The code is provided, but you’ll need to compile and upload it yourself. Finally, there’s a little assembly to do, and everything should be good to go.
We really like the look of the lamp. The low-poly stand looks great and catches the lights. At first, we were a little unsure about using a breadboard for the Arduino. It’s not the most secure attachment, and there is the potential for a wire to fall out. However, it is very flexible and gives you the opportunity to upgrade things easily as your skills improve. We can definitely imagine upgrading our lamp with an ESP32 or other WiFi-enabled controller and use it to display some data.
Once we had our lamp up and running, we moved on to the disco helmet. In many ways, this is a similar kit – there’s an Arduino Nano controlling some NeoPixels that are mounted on a 3D-printed body. Perhaps the biggest difference is that the 3D printing is a much bigger job: it took us around 60 hours. Note that if you follow the instructions, some prints take a long time (20+ hours), so you need to run your printer overnight. If yours is too noisy to do this, you’ll need to either print at a larger layer height (the above timings are for the suggested 0.15 layers) or print it in smaller sections and glue them together. Since the helmet is already printed in sections and glued together, this isn’t too much of a problem.
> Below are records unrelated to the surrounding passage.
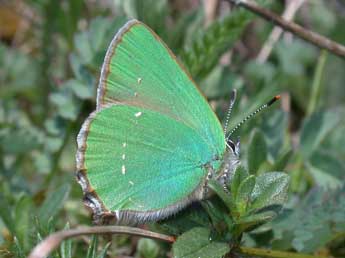 Callophrys rubi L. adulte - �Philippe Mothiron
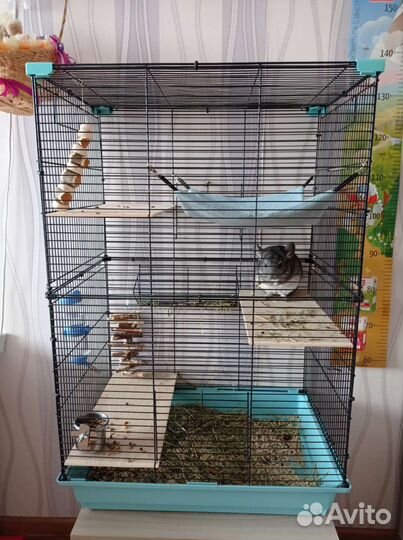 Клетка с шиншиллой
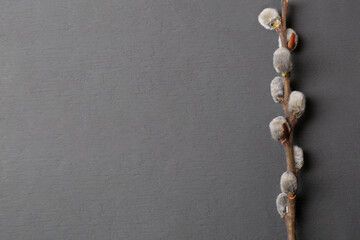 Fototapeta na wymiar Beautiful willow branch with fuzzy catkins on grey table, top view. Space for text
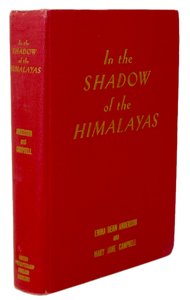 In the Shadow of the Himalayas : Presbyterian Missions Punjab, India 1855-1940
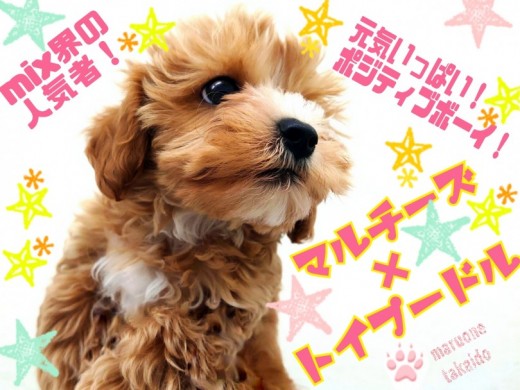 【 MIX犬 】綺麗好きで暮らしやすさ抜群！Mix界の人気者マルプー！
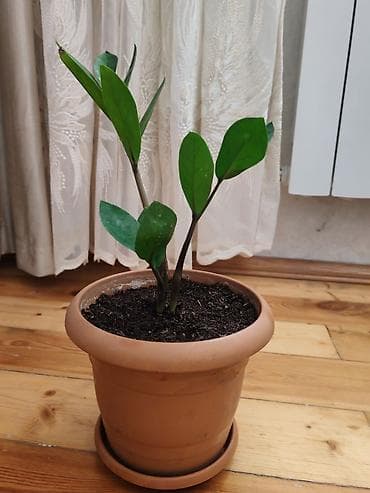 dibçek: Zamiokulkas (ZZ plant) – dekorativ ev bitkisi - Növ: Zamioculcas — 2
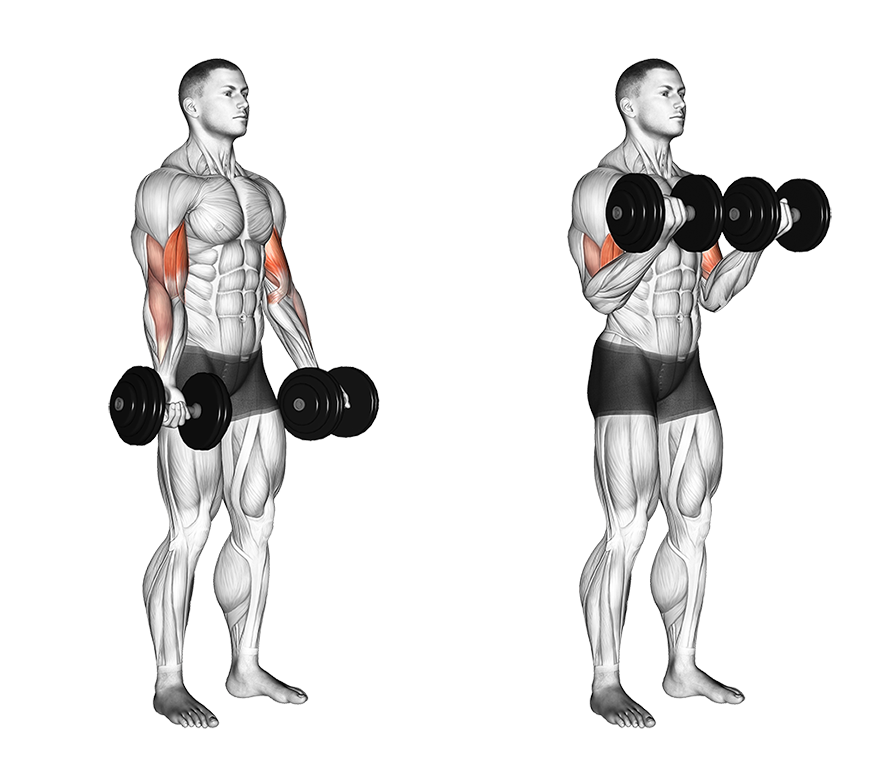 Best Bicep Exercises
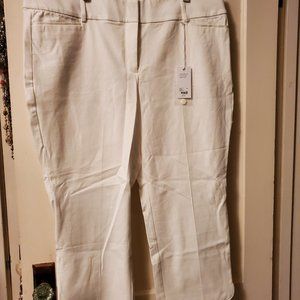 Lane Bryant The Allie Crop Dress Pant White 18 NWT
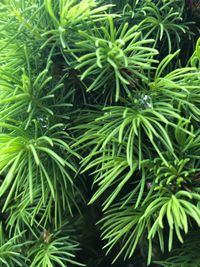 Close-up of green leaves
The soldering on this project is slightly more fiddly than on the lamp because you need to connect sections of LED strip together at 180-degree angles. This isn’t too hard, though complete beginners might struggle a little.
Following this, there’s a little modification to components as legs have to be trimmed to make everything fit in the small space, and a bit of hot glue to keep everything in place and you’ve got one of the coolest party pieces around.
There’s no denying that both of these projects are involved builds. The skill levels, listed as ‘Easy’ and ‘Moderate’, are relative terms. The mood lamp could, perhaps, be completed by someone with no experience, but they’d probably have a difficult time purely because there are a lot of new skills for them to work with – slicing the model for their 3D printer, soldering, and getting set up with the Arduino IDE. That’s a lot of new things in one project – none of them are particularly challenging on their own, but together there’s a lot of potential for frustration. However, if you’ve already got some experience in one or more of these areas (as you most likely have if you’re reading this), then it shouldn’t present too many problems.
As well as the parts you buy, you’ll need access to quite a bit of kit – not least a 3D printer and soldering setup. However, the flip side of this is that the end results are complete products. Many electronics kits leave you with bare circuits that often get left in a drawer after they’ve been built. The final results of both of these projects are genuinely good-looking pieces that you can be proud to display and use in your day-to-day life. What’s more, there’s scope to go beyond the basics and learn a bit more about the underlying technologies. Both of these provide an interesting backdrop for experimenting with NeoPixels and Arduino boards. Whether that’s adding a control board with WiFi connectivity to control the patterns from your phone, or adding some capacitive touchpads to switch patterns with your fingers.
We’ve had great fun with these kits. They’re fun to build, and the final results are great for both impressing your friends and facilitating further learning.
If you’ve got a 3D printer and soldering iron, these kits are fun to make and they’re visually impressive.